Recorded in a professional studio, Gyrate doesn’t sound primitive, but it sticks pretty closely to what you might hear at a sweaty, dance-filled Pylon show. Three years later, after a few singles—compiled here on an LP called Extra—Pylon sought to use the studio more like a tool, and they ventured to North Carolina to record with Mitch Easter, who had recently produced Chronic Town, the debut EP by Athens comrades R.E.M. On the resulting second album, Chomp, the songs sparkle a bit more as the band mold their shapes to wider sonic dimensions.
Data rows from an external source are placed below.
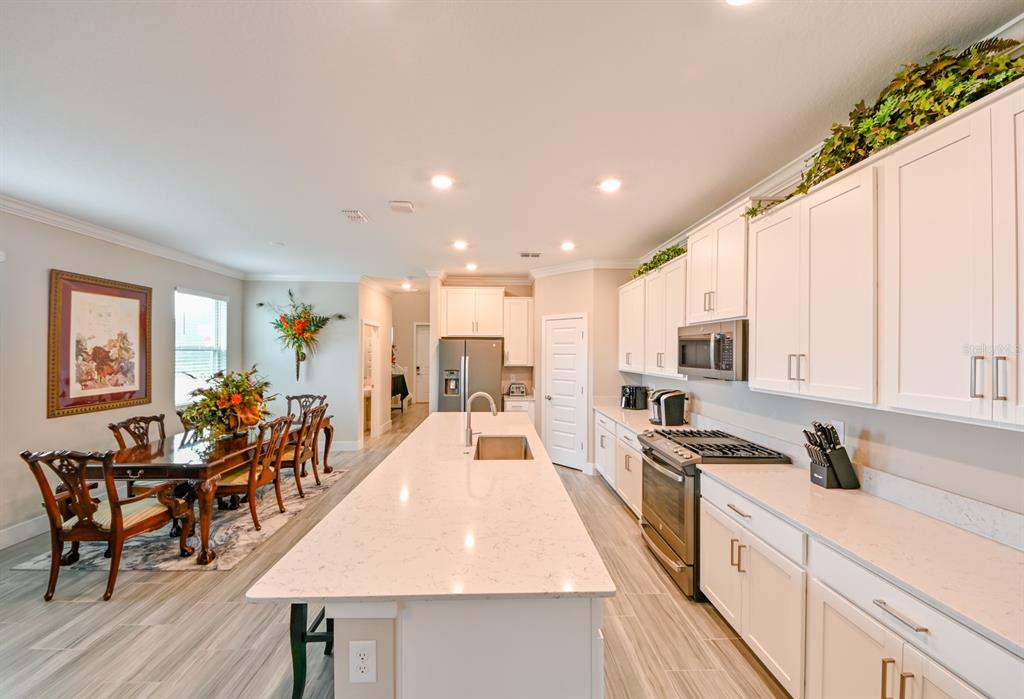 A kitchen with white cabinets, a large quartz island, and an adjacent dining area — 8625 WINNING FIELDS ROAD, NEW PORT RICHEY, FL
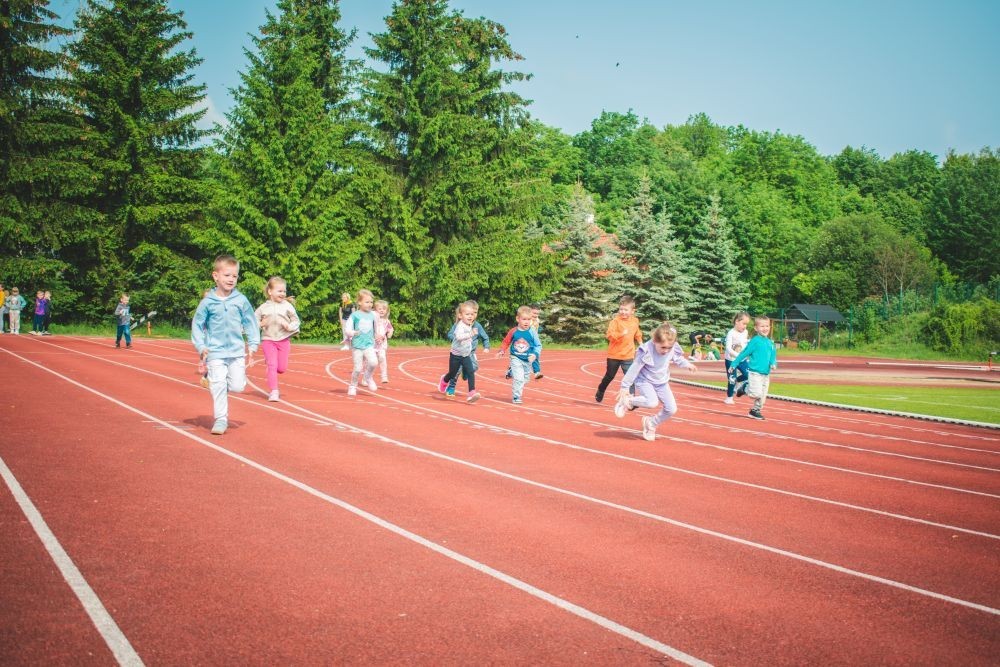 2 czerwca nasze przedszkolaki obchodziły Dzień Dziecka wyjątkowo aktywnie!
Na stadionie miejskim, obok różnych zabaw sportowych ,wzięły udział w XI edycji Ogólnopolskiego Maratonu Przedszkolaków „Sprintem do maratonu”.
Zaczęliśmy od przywitania przez p. Dyrektor oraz życzeń z okazji Dnia Dziecka, a później zaczął się –wielki bieg! Każde dziecko z ogromnym zaangażowaniem pokonało wyznaczony dystans, a na mecie czekała na wszystkich zasłużona nagroda – medal, który każdemu osobiście wręczyła p. Wicedyrektor
Po sportowych emocjach przyszedł czas na chwilę wytchnienia i uzupełnienie spalonych kalorii .
Jesteśmy dumne, że nasze przedszkolaki pokonały łącznie aż  3,8 km !
To był niezapomniany dzień pełen ruchu, radości i wspólnej zabawy.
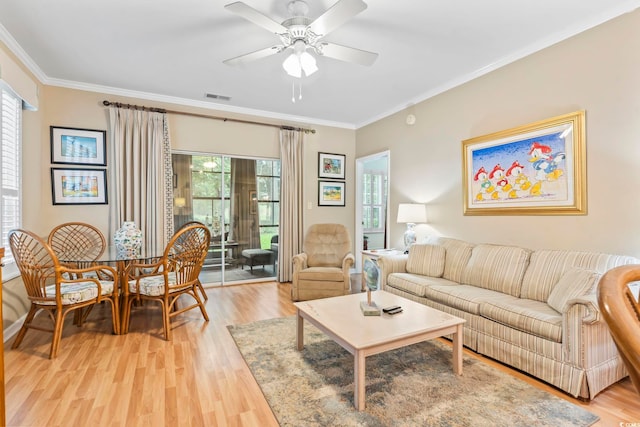 405 Pipers Ln Unit 405, Myrtle Beach, SC 29575 - living area featuring light wood finished floors, ornamental molding, and a ceiling fan
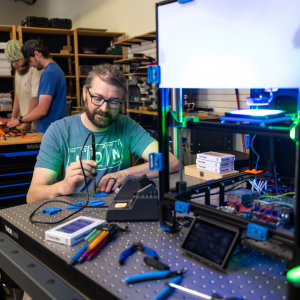 Dr. Zachary Russell, assistant professor in the Department of Physics and Astronomy at App State, center, works with student researchers Ethan Humphries, a senior in physics major from Kings Mountain, and Hunter Corman ’24, an engineering physics graduate student from Morehead City, pictured in the background, in the Ion Innovations Scientific Instrumentation Development Lab in Boone to assemble 3D-printed components for rapid prototyping of microscope designs. Russell has been awarded a $2.3 million grant 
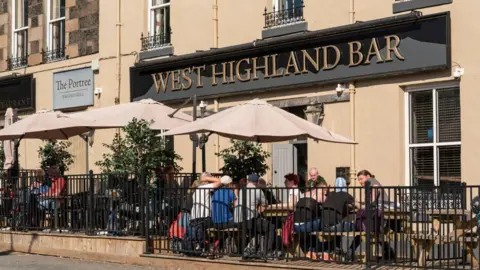 Getty Images Front entrance of West Highland Bar in Portree, Isle of Skye. The venue has a black and gold sign with a number of tables, umbrellas and patrons outside on a sunny day. 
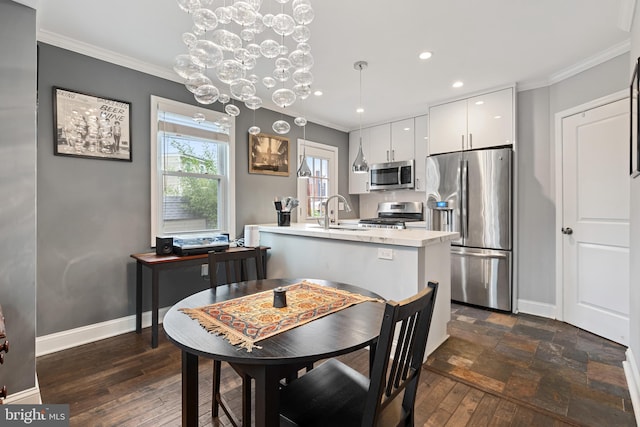 5054 8th St NE, Washington, DC 20017 - dining area featuring crown molding, a chandelier, baseboards, recessed lighting, and dark wood finished floors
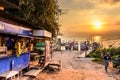 Lakeside stores, boats, jetties & volcano in golden hour, Lake Atitlan, Guatemala Royalty Free Stock Photo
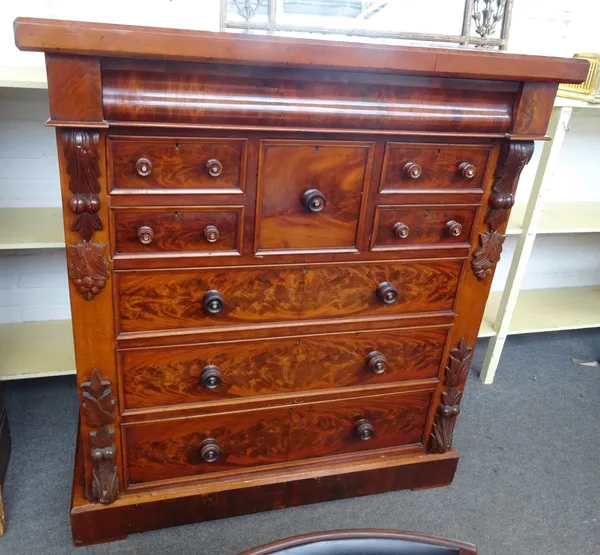A 19th century Scottish mahogany chest, with one long cushion drawer over five various short drawers, on a plinth base, 132cm wide x 146cm high x 58cm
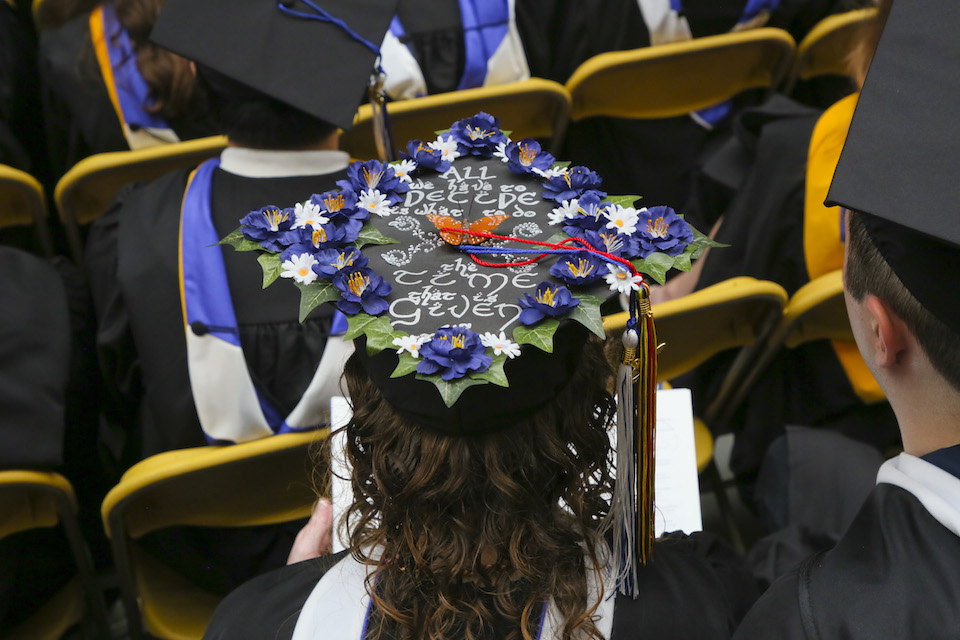 mortarboard decorated with flowers and vines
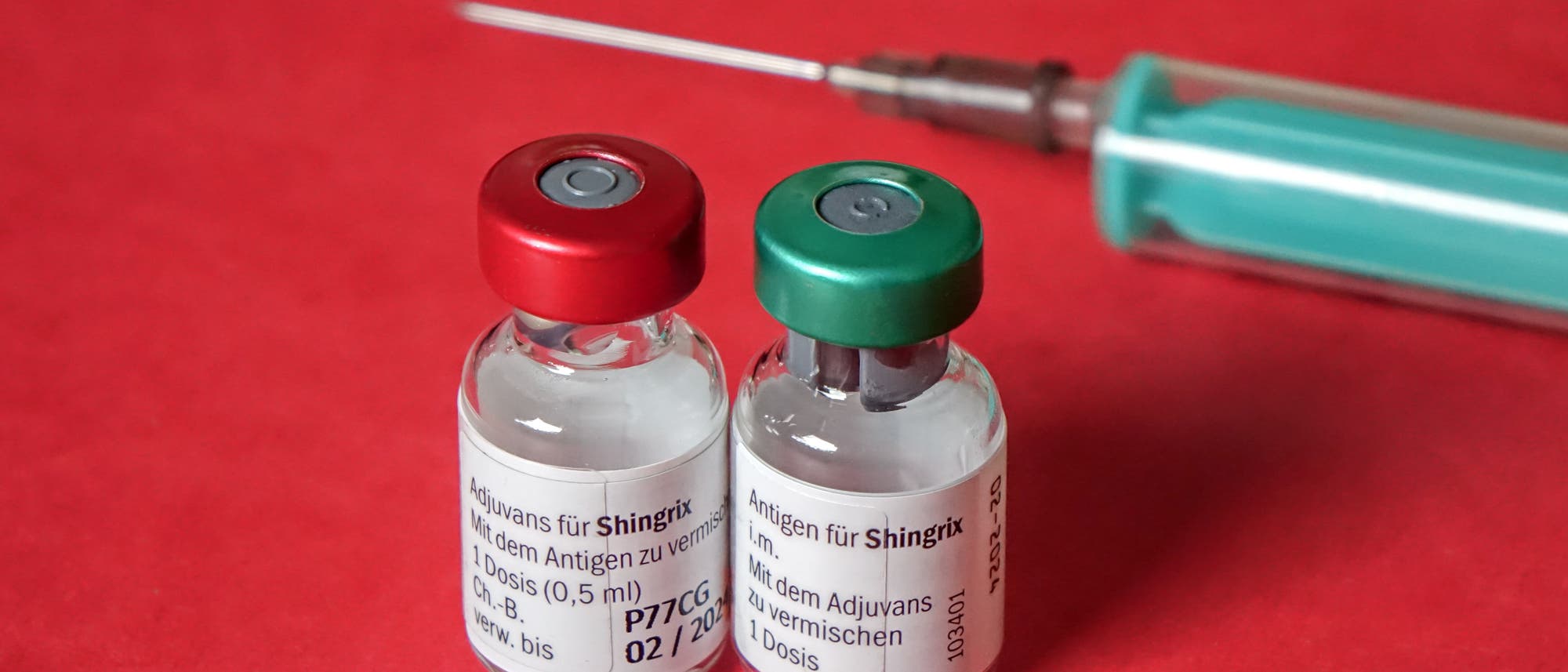 Zwei Impfstofffläschchen mit der Aufschrift „Adjuvans für Shingrix“ und „Antigen für Shingrix“ stehen nebeneinander auf einer roten Oberfläche. Die Fläschchen haben einen roten beziehungsweise grünen Verschluss. Im Hintergrund ist eine Spritze mit einer langen Nadel zu sehen.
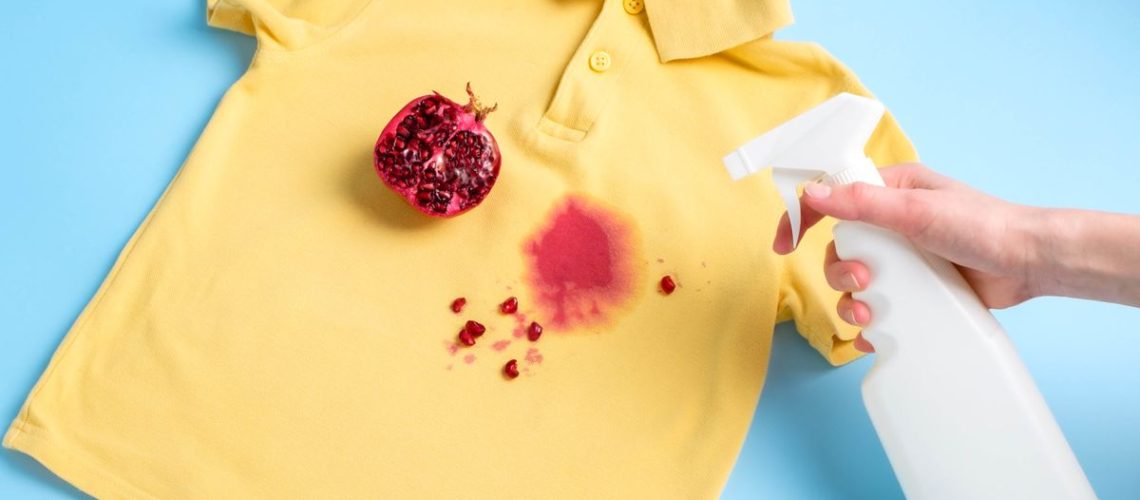 Spraying pomegranate stain on yellow t shirt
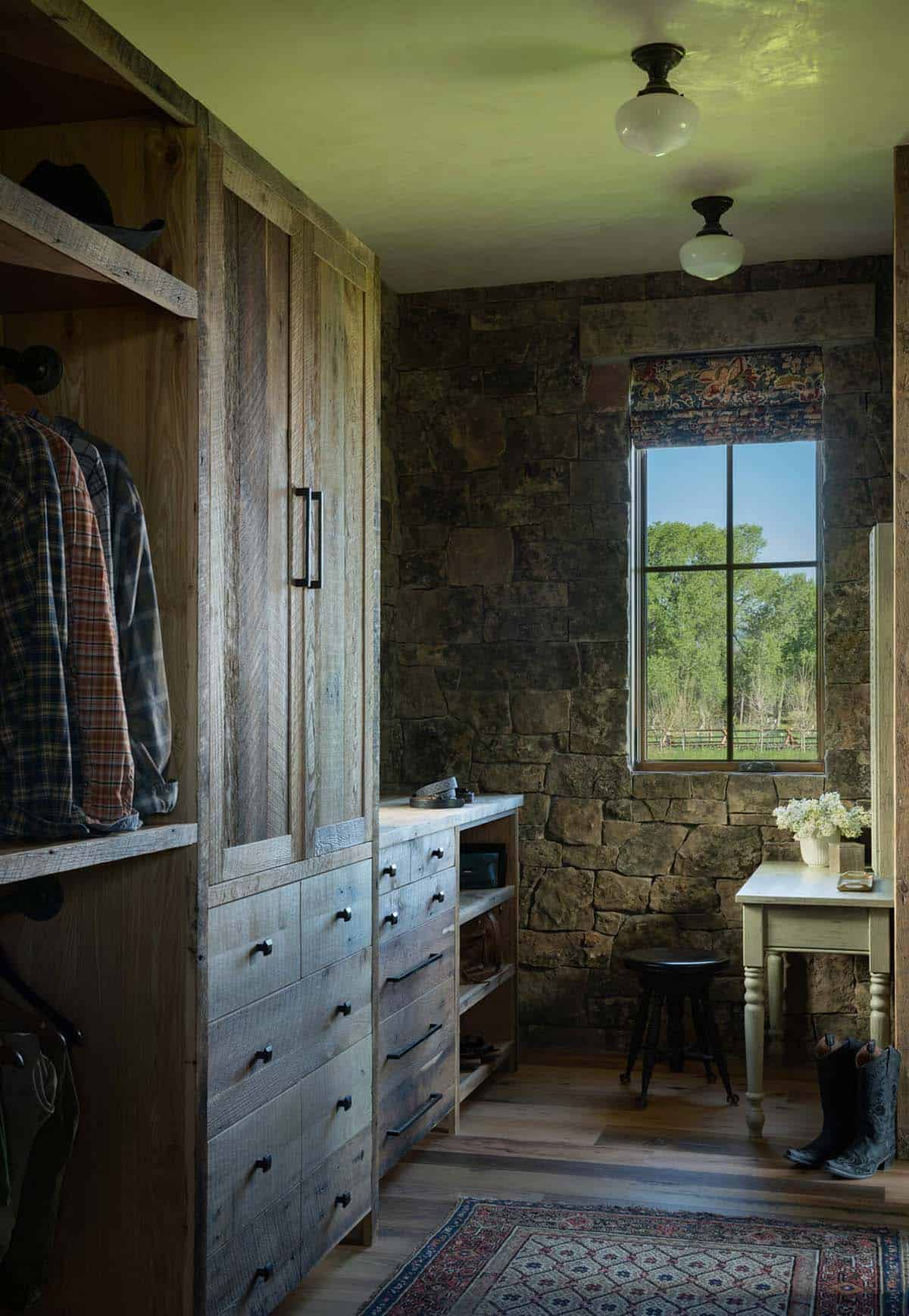 Rustic dressing room with reclaimed wood built-in drawers, stone wall, vanity table, and cowboy boots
This helps their energy shine even brighter, from the ESG-style punk/funk of “Yo-Yo” to the shimmering guitars of “No Clocks” to the gothic jangle of “Crazy” (later covered by R.E.M. on their outtakes collection Dead Letter Office).

Not long after Chomp came out in 1983, Pylon were offered gigs with an up-and-coming band called U2. Dreading the drudgery of a long tour, they broke up instead. “I never planned on being a musician,” said Briscoe Hay in the 1987 documentary Athens GA Inside/Out, “so it’s not like any big loss in my life that I’m not in a band anymore.” A few short reunions came later; Bewley passed away in 2009. But Pylon’s legacy survives, through musician namechecks, archival releases (their final 1983 show came out a few years ago as Pylon Live), and Briscoe Hay’s semi-tribute act Pylon Reenactment Society. Their lasting influence comes from a simple idea: Anyone can make music—and maybe, in passing, start a scene, or even become a legend. “You don’t need training or authority or legitimacy,” Lachowski said. “Just figure it out.”